By Sheikh Alkinky Sanyang

Dawda Badgie, director of technical services network at the National Environment Agency (NEA) has disclosed that plastic bag pollution rendered severe environmental and health threats to human, livestock and the Marine Eco-system.

Due to its adverse effects and uncompromising hazards, the Government of the Gambia has on 1 July 2015 banned the use, production and sell of plastic bags in the country.
Badgie made this disclosure recently during a press briefing held at the home of the Gambian environment on Jimpex road, Kanifing. He told the gathering and keen listeners that the country needs the blessing support and collaboration of all and sundry in an effort to collectively effect the ban on plastic bags that find their way into our sustainable livelihood support systems.


He further disclosed that plastic bags do not decompose for many years and therefore has potentials to destroy soil nutrients and structure, and affect tree-roots penetration thus threatens productivity.
Buttressing further, Badgie noted that our livestock are also killed with other smaller domestic animals when they ingest or swallow it resulting in huge economic loss to farmers.

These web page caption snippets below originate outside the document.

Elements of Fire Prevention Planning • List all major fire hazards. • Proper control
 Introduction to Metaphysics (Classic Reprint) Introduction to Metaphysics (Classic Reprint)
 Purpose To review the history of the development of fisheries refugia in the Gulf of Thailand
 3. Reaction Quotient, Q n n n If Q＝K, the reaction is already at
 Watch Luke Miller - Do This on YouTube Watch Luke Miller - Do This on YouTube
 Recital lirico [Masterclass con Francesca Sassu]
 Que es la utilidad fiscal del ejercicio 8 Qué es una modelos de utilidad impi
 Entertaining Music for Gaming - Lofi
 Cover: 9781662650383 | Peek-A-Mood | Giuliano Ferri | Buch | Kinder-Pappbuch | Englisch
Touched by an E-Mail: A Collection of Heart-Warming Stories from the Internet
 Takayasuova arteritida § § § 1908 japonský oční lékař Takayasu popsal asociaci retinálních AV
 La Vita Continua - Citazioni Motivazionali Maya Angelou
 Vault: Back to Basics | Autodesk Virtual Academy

“Due to improper disposal systems, many domestic and stray animals end up consuming plastics and get entangled and suffocated to death. Thousands of animals worldwide including cow, goats, sheep, dolphins, turtles, whales, penguins are killed every year due to plastic bags ingestion. Many animals ingest plastic bags, mistaking them for food, and therefore die. And worse, the ingested plastic bag remains intact even after the death and decomposition of the animal. Thus, it lies around in the landscape where another victim may ingest it,” he said.

“The continuous use of plastic bags threatens our food security as they resist decomposition for decades and becomes a virtual eye-sore in public places. Most plastic wastes find their ways into gutters and water ways and cause blockage during rainy season and subsequently lead to flooding of cities and growth centers, he pointed out,” he added.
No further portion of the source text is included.